No mining, polluting units in eco-sensitive zones, says Javadekar

July 08, 2015 04:42 am | Updated November 16, 2021 05:24 pm IST - NEW DELHI

Over 4,000 villages fall in the proposed eco-sensitive zones of the Western Ghats in five States. File photo

Over 4,000 villages fall in the proposed eco-sensitive zones of the Western Ghats in five States. File photo

Union Environment Minister Prakash Javadekar held a review meeting with State Environment and Forests Ministers here on Tuesday to review the progress of demarcation of Ecologically Sensitive Areas (ESA) in the Western Ghats region and discuss the further course of action in keeping with the recommendations of the 2013 Kasturirangan Committee report.

Mr. Javadekar said that as per the report, commercial mining and polluting industries would be strictly banned in areas identified as eco sensitive zones.
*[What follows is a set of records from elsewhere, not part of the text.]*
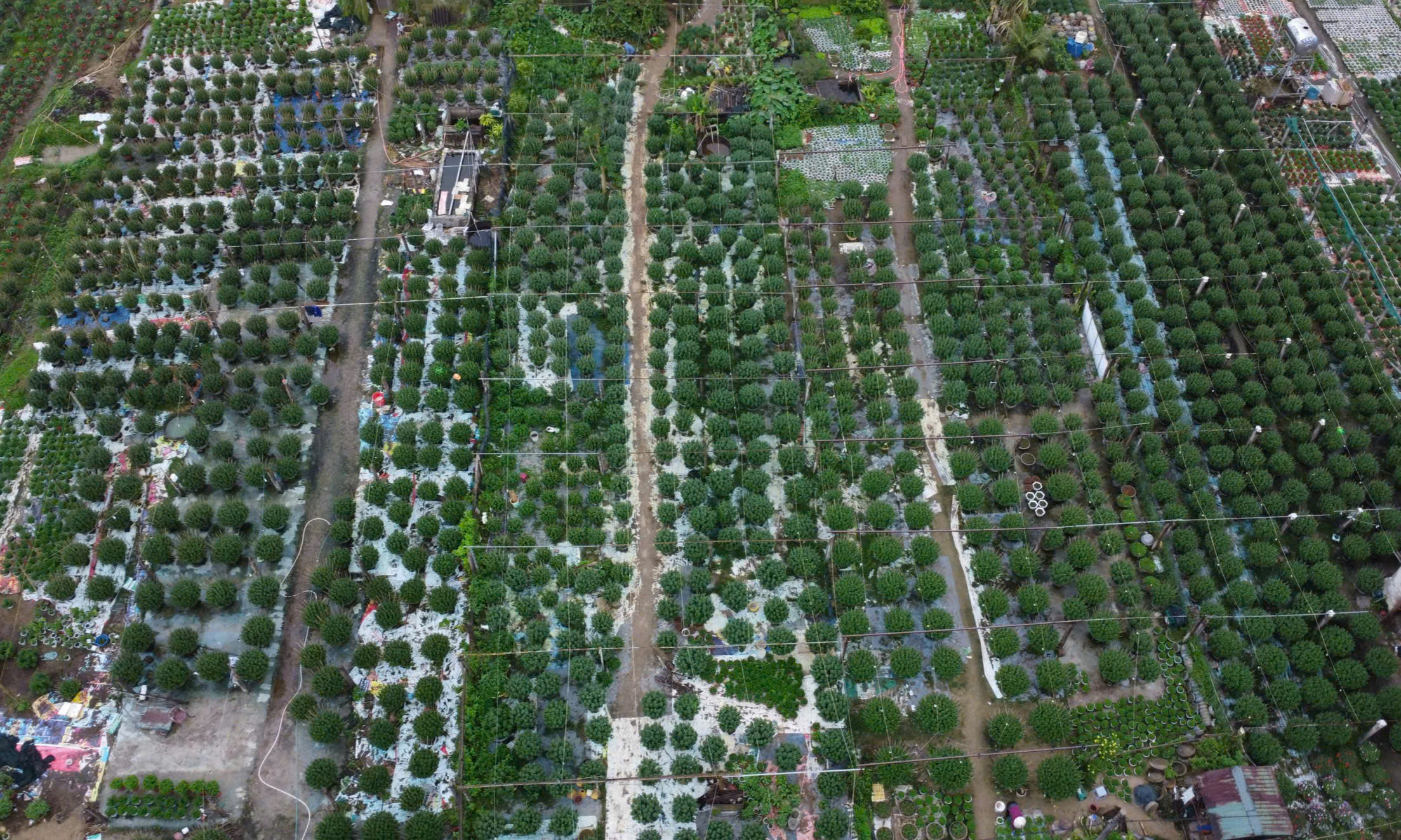 Cận Tết ở làng trồng hoa nổi tiếng bên bờ sông Hiếu- Ảnh 4.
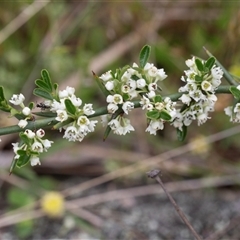 Discaria pubescens (Australian Anchor Plant) at Yaouk, NSW - 5 Dec 2021 by AlisonMilton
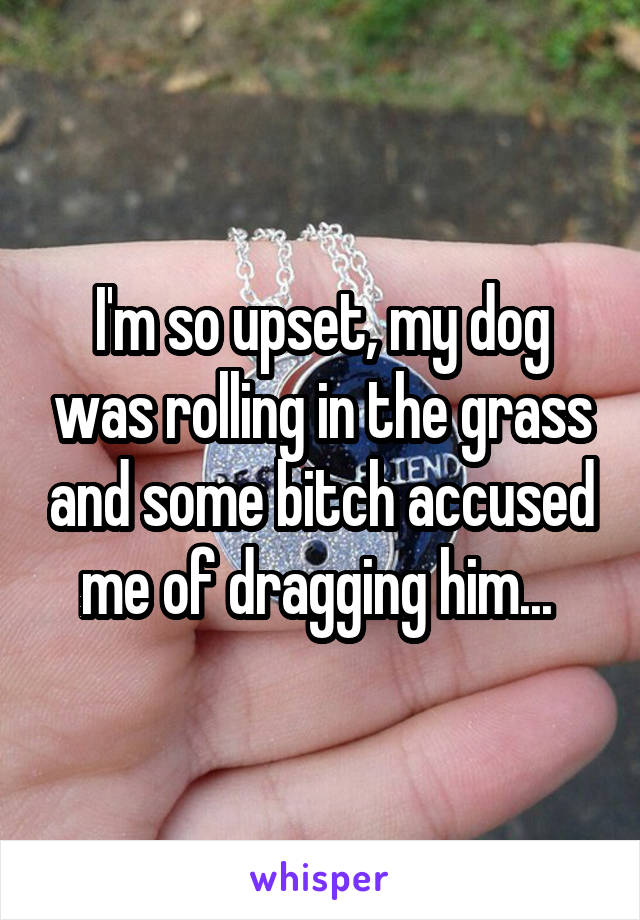 I'm so upset, my dog was rolling in the grass and some bitch accused me of dragging him... 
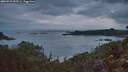 ./images/calvert/foggy-cove/20260727/foggy-cove20260727_052501M.jpg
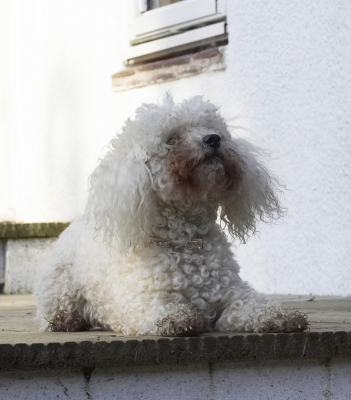 ........ or maybe not
Palabras clave: Animal Animals Bichon Canine Canines Dog Dogs Frise Land Mammal Land Mammals Morgan Play Playing Playtime Terrestrial Mammal Terrestrial Mammals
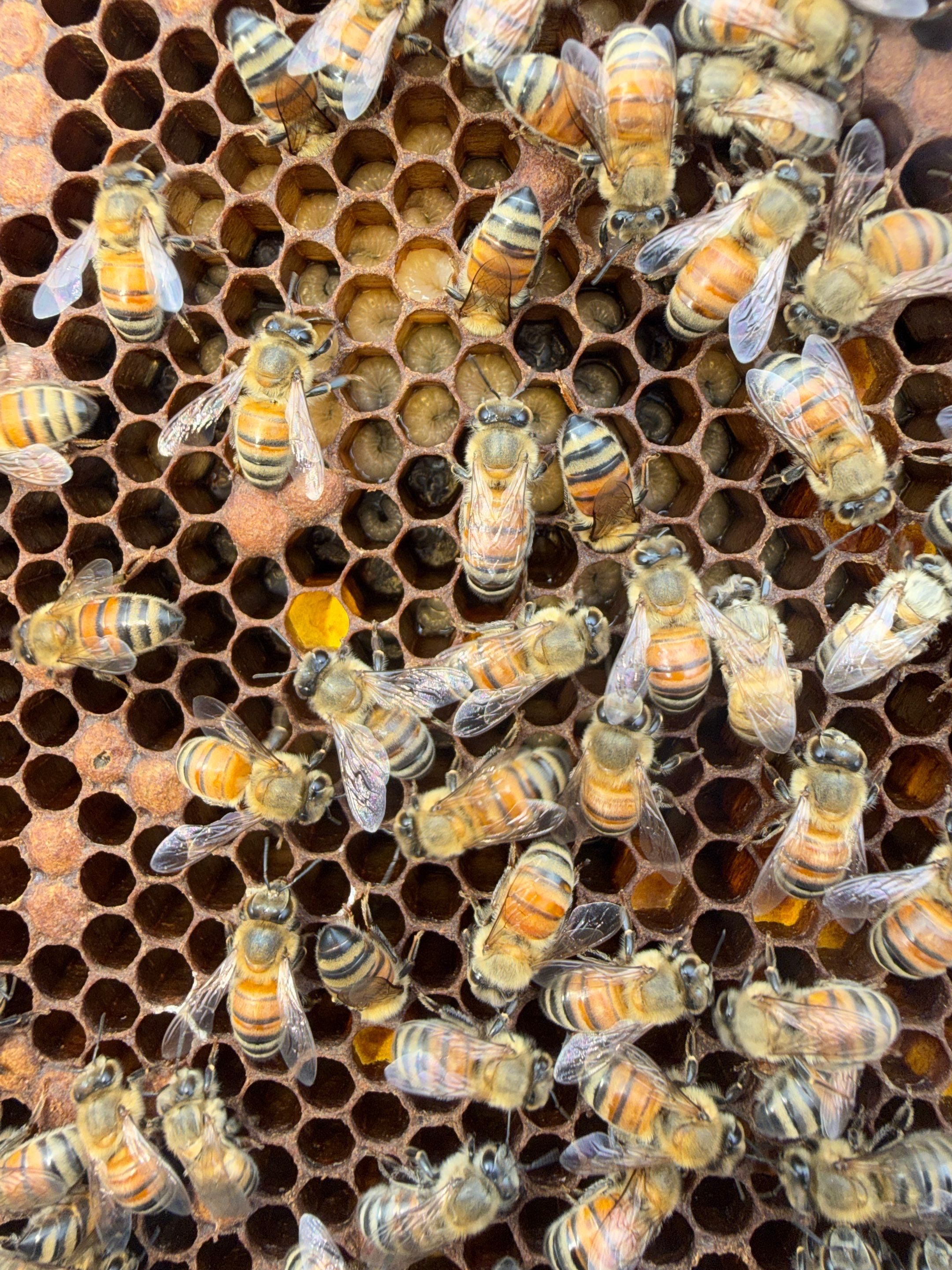 Momma K’s apiary by Rockwall Honey Bee Company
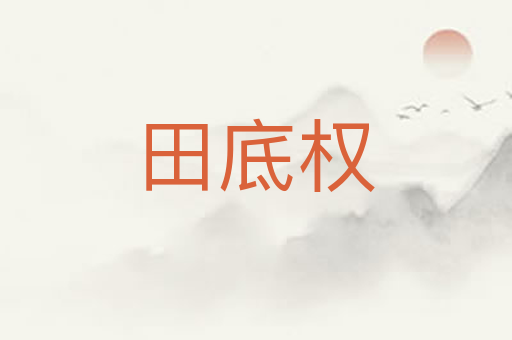 田底权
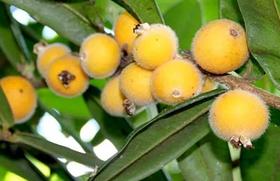 Muda Jabuticaba Cabeludinha ou Jabuticaba Amarela Muda Jabuticaba Cabeludinha ou Jabuticaba Amarela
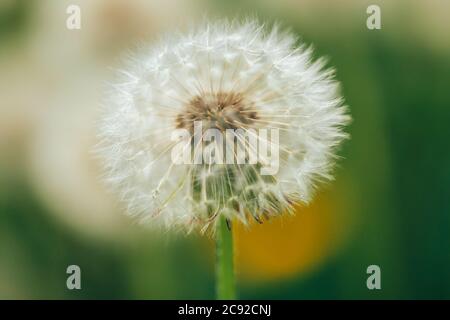 Schöner flauschiger Löwenzahn im Freien auf einem verschwommenen Hintergrund, blühender Löwenzahn Stockfoto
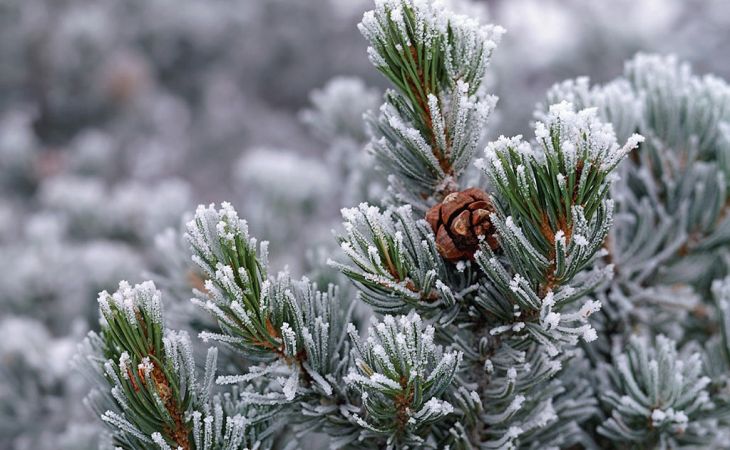 Погода 22 января в Алтайском крае: снег и тепло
The meeting was attended by Environment Ministers of Karnataka, (Ramanath Rai) and Gujarat (Mannubhai Patel), and senior environment and forests department officials of Goa, Maharashtra, Tamil Nadu and Kerala. Mr. Javadekar said that earlier people were misled to believe that the Kasturirangan report would destroy the livelihood prospects of people living in the Western Ghats forest regions, but such rumours should not be believed. “Only in places demarcated as ecologically sensitive zones, commercial mining and polluting industries would not be started. Every State will be given full opportunity for development works and the Union Ministry is currently going through the proposals submitted by State Ministers,” he said, adding that since more than 4,000 villages fell in the proposed eco-sensitive zones, consultation with local population was on to seek their recommendation on the plan of action and the process would be completed by month-end.

The final notification on demarcation of eco-sensitive zones and mining and polluting industries to be banned would be available by August.

‘No action on ground’

Renowned ecologist Madhav Gadgil, who had authored the earlier report on conserving the Western Ghats’ ecology, told The Hindu that though the need for a participatory process of decision-making regarding promotion of development projects in the Western Ghats region was proposed by him in his report, the ground reality was different.

He cited the recently submitted Justice M.B. Shah Commission report on illegal mining in Goa, which had exposed Rs. 35,000 crore worth illegal mining in the State. “Local communities bearing the brunt of such illegal mining activities have no say in addressing the issues on the ground,” he said.